Trial is scheduled Aug. 21 and both sides have brought a number of pretrial motions and in one such filing Thursday filed Thursday with Judge Jon R. Takasugi , the City Attorney's Office maintains that "inflammatory language" such as "sexual assault" or "sexual misconduct" would confuse the issues, mislead the jury and unfairly prejudice the defense.
"Rojas has not been convicted of these or any other crimes and their use is intended solely to incite some type of emotional response from the jury," according to the City Attorney's Office's court papers, which further state that the terms are not relevant to the lawsuit's causes of action.
The defense also wants the plaintiffs to be prohibited from using the so-called "reptile theory" in its arguments to the jury. The approach suggests jurors should award damages to punish defendants while deterring others. Attorneys sometimes suggest that without a proper verdict and an appropriate punishment with their verdict, the public danger will be worsened.
"An argument or suggestion that jury should act as the voice of a community and send a message to the city or the community is improper when the jury is considering questions of liability," the City Attorney's Office argues in it court papers. "The reptile theory is improper because the theory attempts to appeal to jurors' concerns about their own safety and the safety of the community, rather than the evidence regarding the plaintiff."
A hearing on the pretrial motions is scheduled Aug. 10.
During his time on the stand during his October 2021 preliminary hearing, Rojas said he turned on his body-worn camera and used a flashlight to illuminate the woman's body in the darkened bedroom and then touched the 34- year-old woman's right breast twice with his gloved left hand after noticing a mark he couldn't identify in that area.
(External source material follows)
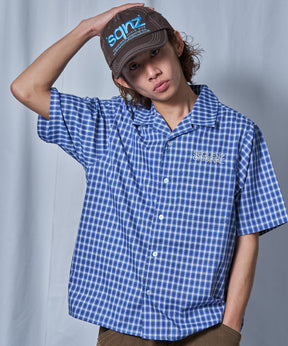ワッペンチェックシャツ / シャツ チェック 半袖 ポケット 刺繍 ワッペン ブルー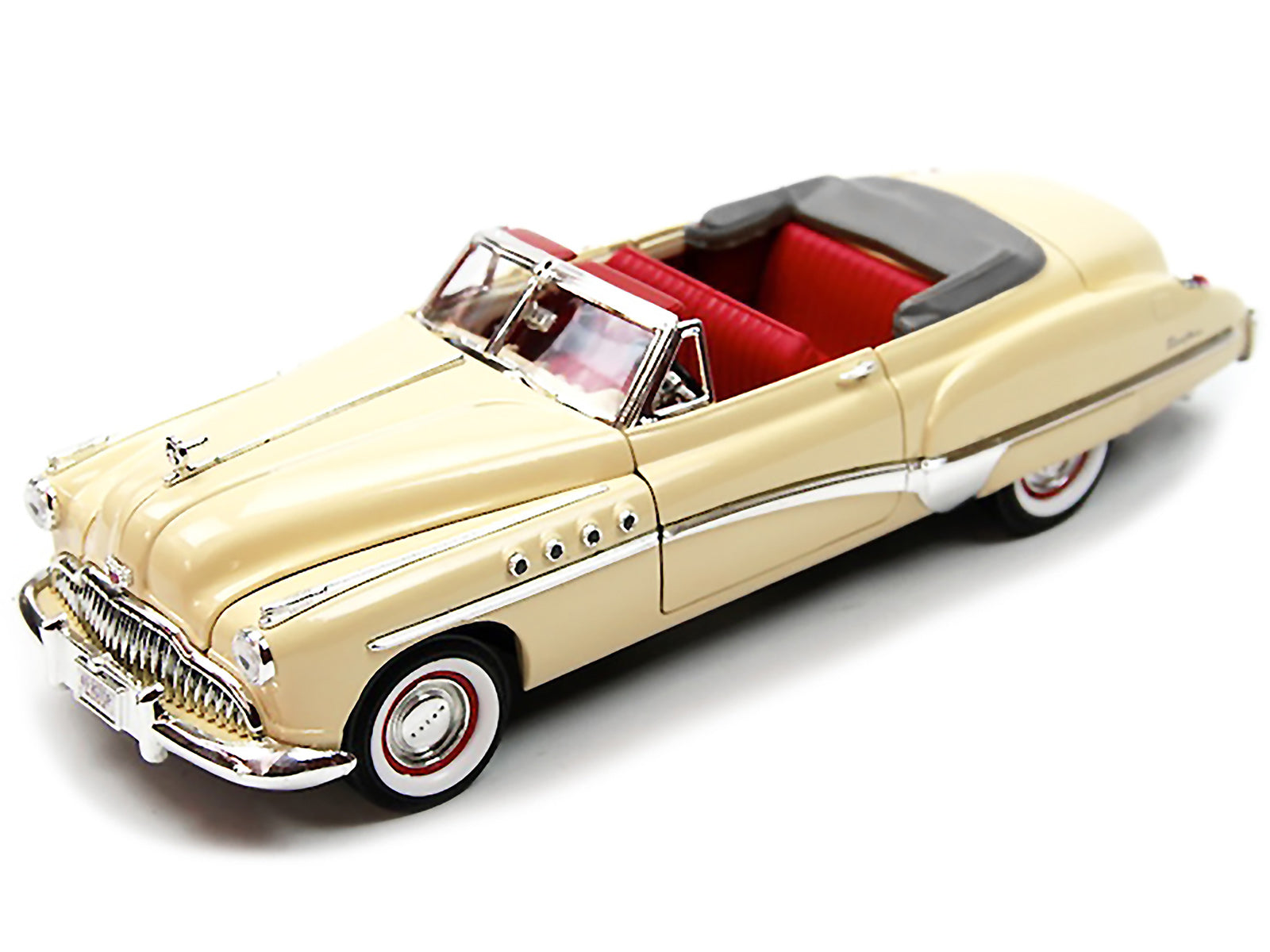 1949 Buick Roadmaster Cream with Red Interior 1/18 Diecast Model Car by Motormax - image 2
He said he was aware that he was being recorded through his own body- cam and denied being sexually aroused at the time or trying to humiliate or degrade the dead woman.
Under questioning by his own attorney, the officer denied becoming sexually attracted to the woman when he saw her corpse.
"I go straight to the section where I see the marking," the officer said under cross-examination, explaining that he squeezed or pinched the area to see if anything would gush out because he "had no idea what it was" and was trying to find anything "that will give me a possible lead in this death."
In deposition testimony in the civil case, Rojas said that before the touching occurred, he believed that, based on his training, that in order to gather information in a death investigation that he could touch a deceased body.
"I believe that we are allowed to," Rojas said. "We generally refrain from touching, but I know it is something that is not a `shall not.' So we would just have to articulate why we did it and etc. But in this specific case, I did make the decision knowing that there was not a rule or anything to briefly touch the body."
"Rojas further testified that all of his actions at the scene were to gather information and evidence for his police report in the course and scope of his employment," according to the plaintiffs' attorneys' court papers.